Nombreux sont, en effet, ceux que l’on va jusqu’à présenter comme des gourous de l’économie et qui se complaisent dans le catastrophisme ou les pseudo-prophéties en tous genres. L’intérêt semble, pour eux, résider essentiellement dans leur recherche de notoriété. Or, selon Jean-Marc Daniel :

« il s’agit d’une attitude sans risque. Au pire, si une forte croissance vient invalider leurs annonces de crise et de récession, ils seront simplement oubliés mais, en revanche, si une dépression sévère intervient, ils seront alors sur le devant de la scène et pourront faire valoir leur lucidité et les regrets que l’on peut avoir de ne pas les avoir écoutés. »

 

Une analyse stimulante et iconoclaste de l’économie contemporaine

Au lieu de ces analyses un peu superficielles et surfaites, on trouve ici, au contraire, une analyse à la fois historique, contemporaine, mais aussi internationale, voire par moments géopolitique, qui nous aide à mieux comprendre le monde dans lequel nous vivons, les mécanismes économiques en vigueur, les interdépendances et la complexité des liens entre les choses, loin de toute simplification abusive.

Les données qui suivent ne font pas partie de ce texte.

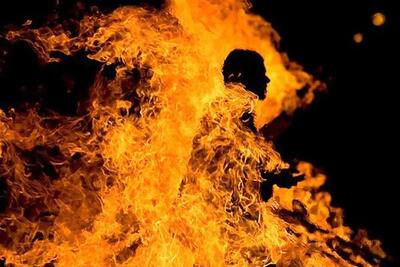  خودسوزی اعتراضی به سنندج رسید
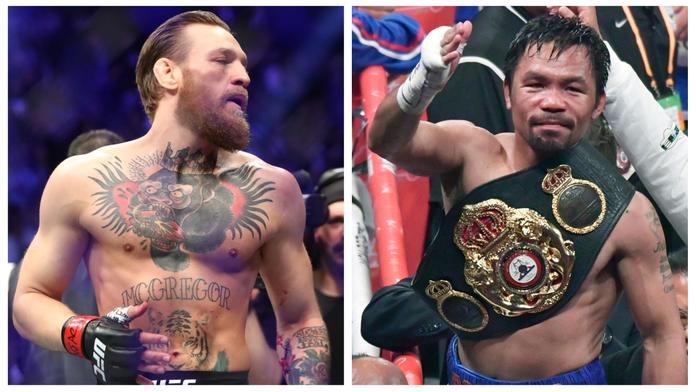 Neporažený boxer vysmál McGregora. Pacquiao vyhraje, shodují se fanoušci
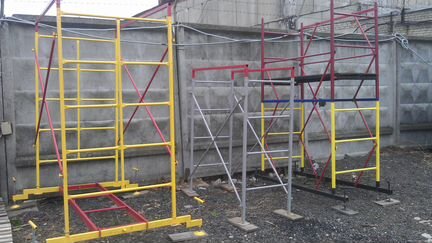 Вышки туры и строительные леса. Продажа и аренда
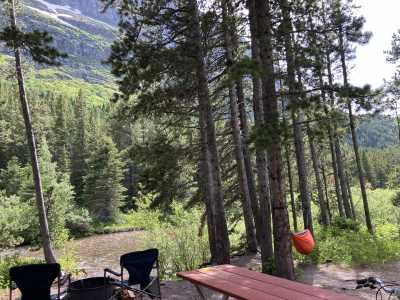 United States - Many Glacier Campground - Camping in Glacier National Park Montana USA - 4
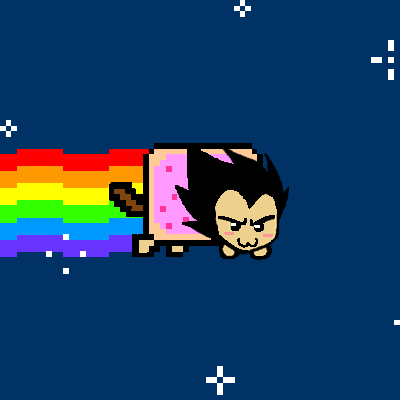 dragon ball z nyan cat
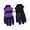 Purple, variant on Children's Winter Gloves Outdoor Riding Sports Split Finger Gloves Thick And Warm Kids Gloves Split Finger Gloves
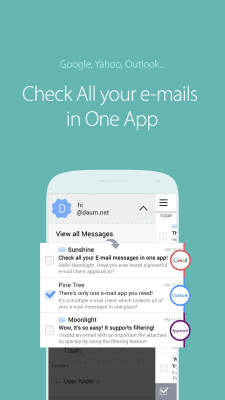 Screenshot of the application SolMail - All-in-One email app - #1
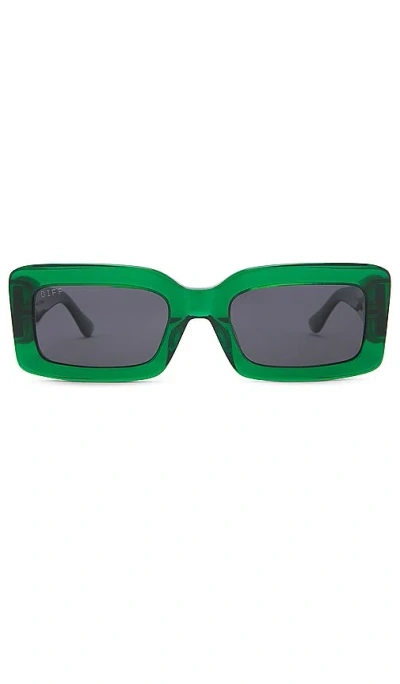 Diff Eyewear Sonnenbrille Indy In Dark Green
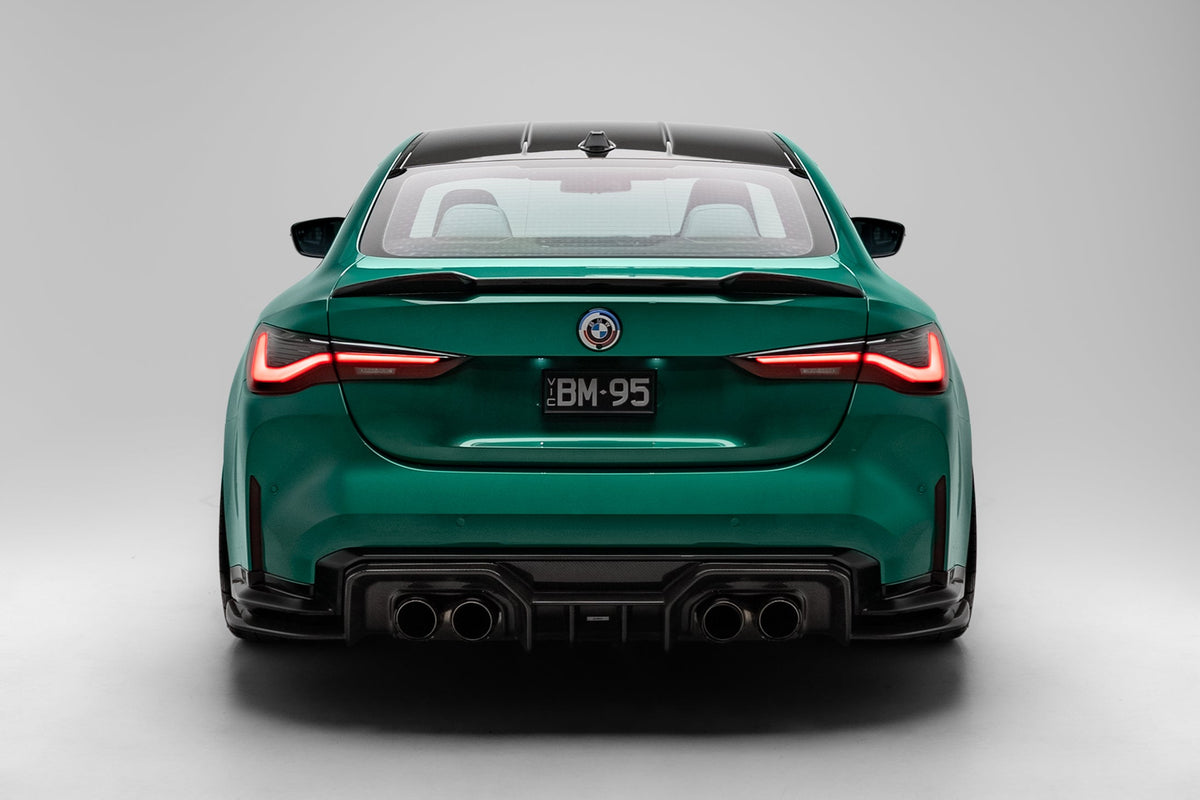 BMW G82 M4 / 4 Series G22 Dry Carbon Fiber Spoiler 2020+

On comprend mieux ainsi comment l’ouvrier de Shanghai travaille pour le consommateur américain, avec le Parti communiste chinois dans le rôle du contremaître, tandis qu’en Inde, où le PIB par habitant est inférieur d’un tiers à celui de la Chine, un autre choix de société a été fait, avec une croissance certes moins rapide mais de nature différente et engageant la population à plus long terme. Sans compter l’Afrique, l’Amérique latine ou l’Europe, dont les choix sont différents ; ce qui n’empêche pas l’interdépendance entre épargne, investissement, taux de change et taux d’intérêt, entre autres, mais je vous laisse en découvrir les mécanismes à la fois complexes et à même de mieux percevoir les raisons de tel ou tel fonctionnement de nos sociétés.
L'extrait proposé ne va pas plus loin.